Swissmedic Switzerland Medical Device Registration
Switzerland, with its nearly 9 million population, is recognized for its robust medical technology sector, bolstered by strong fundamentals and political stability. The Mutual Recognition Agreement (MRA) between the European Union and Switzerland has been impacted by the EU's new medical devices (MDR) and IVDs (IVDR) regulations, necessitating compliance with Swissmedic Switzerland medical device registration requirements to legally sell devices under the Medical Devices Ordinance (MDO).
Meeting Swissmedic Requirements
Regulatory Authority
Pure Global can assist with Switzerland medical device registration, ensuring Swissmedic approval to sell in the Swiss market.
Classification
The classification of medical devices in Switzerland follows the EU's system, where it is based on the device's intended use and associated risk. This classification determines the specific registration and compliance requirements with Swissmedic.
Key Requirements
To market medical devices in Switzerland, manufacturers outside of Switzerland must:
- Appoint a Swiss Authorized Representative (Swiss AR or CH REP) to act on their behalf. The Swiss AR is responsible for ensuring the manufacturer reports vigilance to Swissmedic.
- Ensure pre-market registration and compliance with the MDO, facilitated by the Swiss AR.

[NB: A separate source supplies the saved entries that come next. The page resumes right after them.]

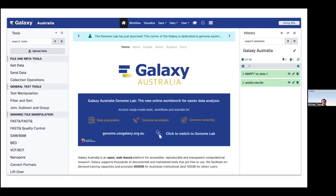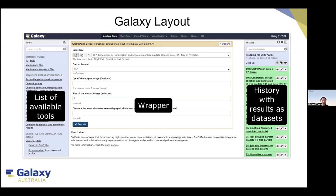Galaxy includes thousands of popular tools for analysis and processing of biological data. If you are a tool developer, wrapping your tool for Galaxy is a great way to make your tool available to the research community. What you see here is the Galaxy panel on the left-hand side, which contains a list of available tools installed on any Galaxy instance. In our case, this tool is available on Galaxy Australia.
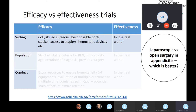In an effectiveness trial, however, you will see if it works safely in the context of perhaps equipment that's not so good, and with the average laparoscopist who may not be an experienced laparoscopic surgeon like some colorectal surgeons are, and without necessarily having access to expensive equipment like staplers and hemostatic devices.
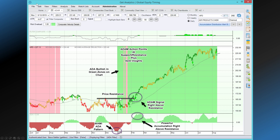Price resistance is a point where a stock stopped rallying and declined. Notice that we have two resistance points here. The first time it came up and rallied, it came back down, came back and hit the resistance point, could not go above it and went back down. That was kind of like a ceiling that was stopping the stock from going higher.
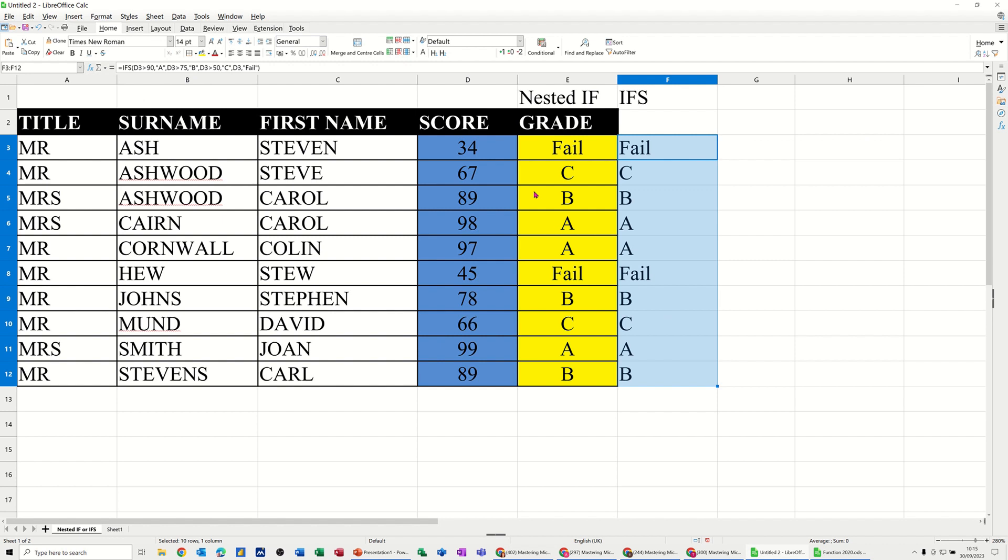So it looks the same, so it's exactly the same, but there you go, one set of brackets, multiple brackets.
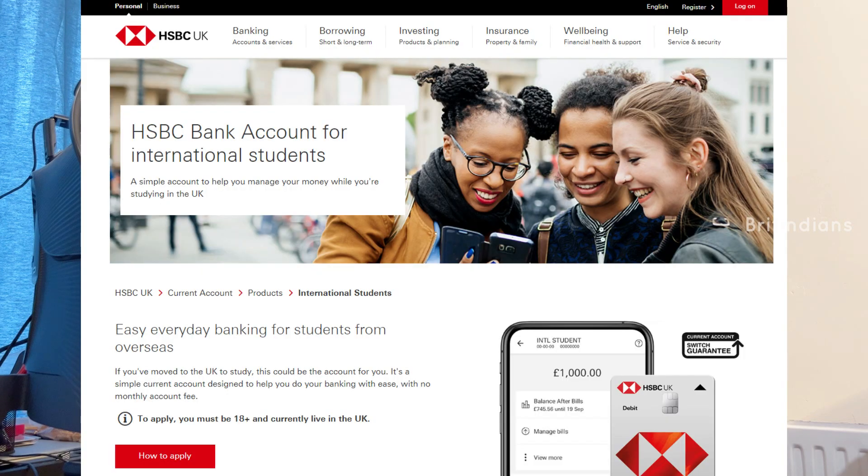Next is HSBC. HSBC has an International Student Bank Account, or you can use the Standard Current Account if you're coming as a dependent. It's free to use with no overdraft available. Receiving money from abroad costs £8 per transaction, and sending money abroad costs £4 per transaction.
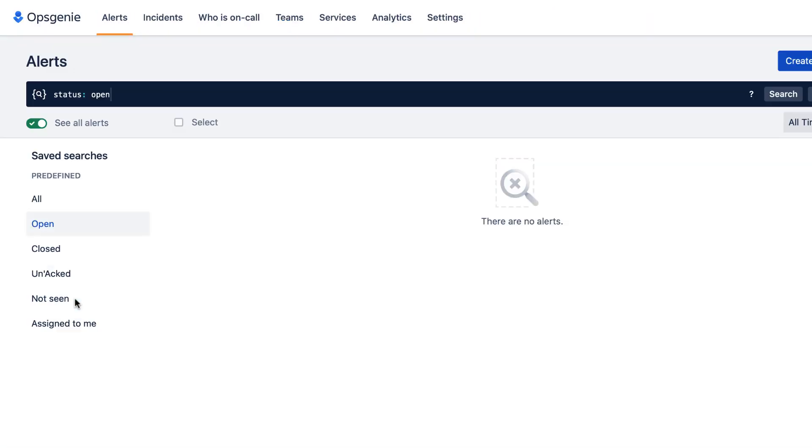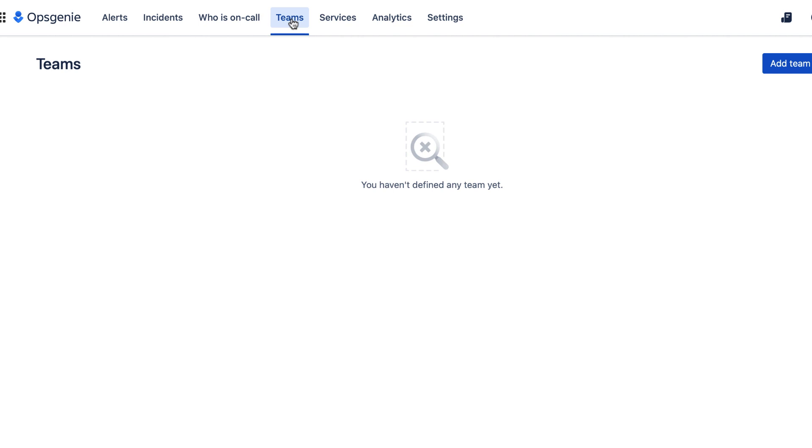This takes us to Ops Genie. From the top navigation, we'll go to Teams, and we'll add a team.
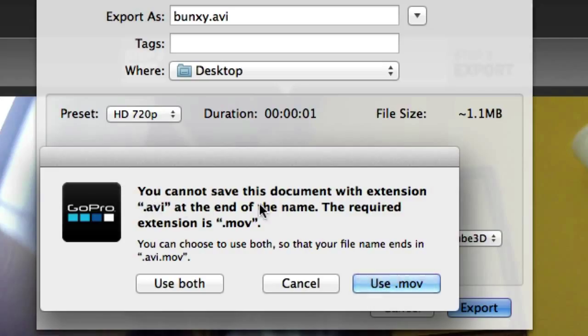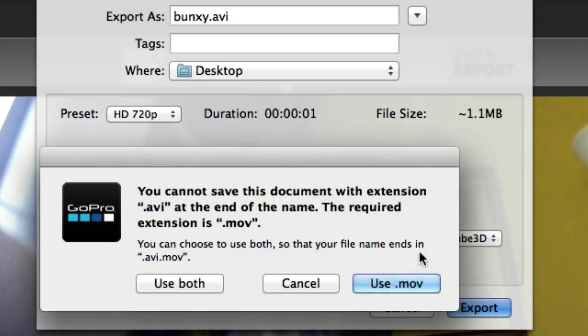You cannot save this document with the extension AVI at the end of the name. The required extension is dot MOV. You can choose to use both so that your file ends in dot AVI dot MOV.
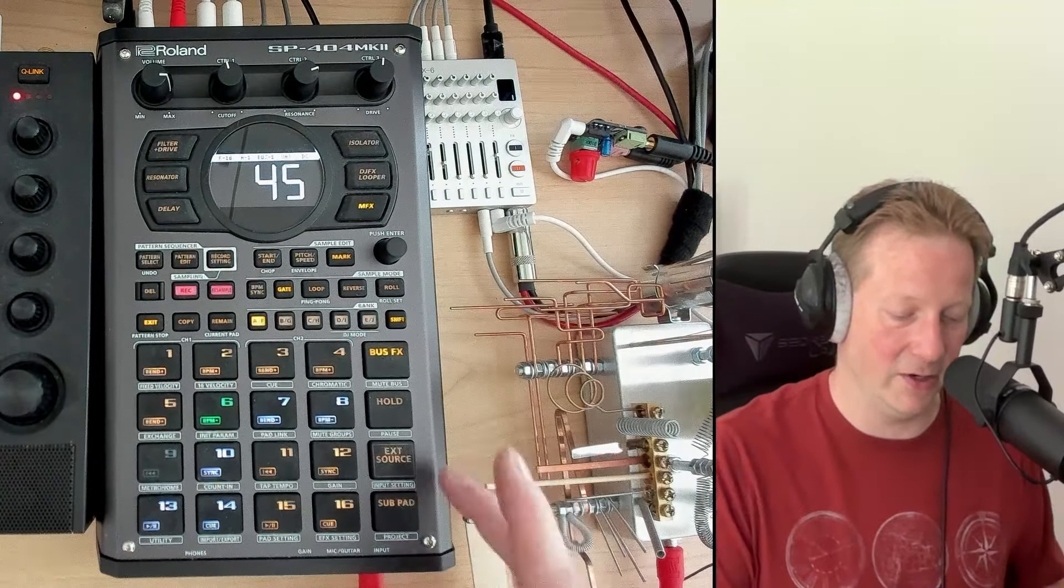So, as you know, you can hold shift and ext source to come in, hit the value knob, and then we can come through and get whatever fun effects we want. Nice delay.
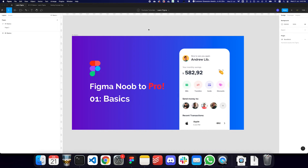Hey guys, in this series I'll be teaching you how to go from being a complete Figma noob to being a complete professional at it.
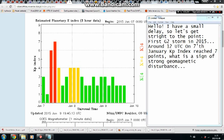Hello, let's get straight to the point. The first G2 storm of 2015 occurred around 12 UTC on 7th January, when the KP index reached 7 points, which is a sign of strong geomagnetic disturbance.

Tailored Support for Market Entry
Our services are designed to streamline your entry into the Swiss medical device market:
Guidance on device classification and determination of the appropriate regulatory pathway under the MDO.
Acting as your Swiss Authorized Representative, managing pre-market registration and ensuring ongoing compliance with Swissmedic requirements.
Frequently
Asked Questions
What is the primary regulatory authority for medical device registration in Switzerland?
The primary regulatory authority for medical device registration in Switzerland is Swissmedic. Pure Global can assist with navigating Switzerland medical device regulations to ensure Swissmedic approval for selling medical devices in the Swiss market.
How are medical devices classified in Switzerland?
Medical devices in Switzerland are classified following the EU's system, based on the device's intended use and associated risk. This classification determines the specific registration and compliance requirements with Swissmedic.
What are the key requirements for foreign manufacturers to market medical devices in Switzerland?
Foreign manufacturers must: Appoint a Swiss Authorized Representative (Swiss AR or CH REP) to act on their behalf. Ensure pre-market registration and compliance with Swiss medical device regulations under the Medical Devices Ordinance (MDO), facilitated by the Swiss AR. Ensure the Swiss AR reports vigilance to Swissmedic on behalf of the manufacturer.
Why is appointing a Swiss Authorized Representative important for foreign manufacturers?
The Swiss AR ensures compliance with Swiss regulations, facilitates communication, handles pre-market registration, and reports vigilance to Swissmedic, enabling the manufacturer to sell their medical devices in Switzerland.
We Provide Access To 28+ Markets Worldwide
Our team of experts and local representatives, supported by partnerships with hundreds of clinical labs and the extensive GRIP database for over 100 countries, accelerates product launches and ensures compliance across 28 countries.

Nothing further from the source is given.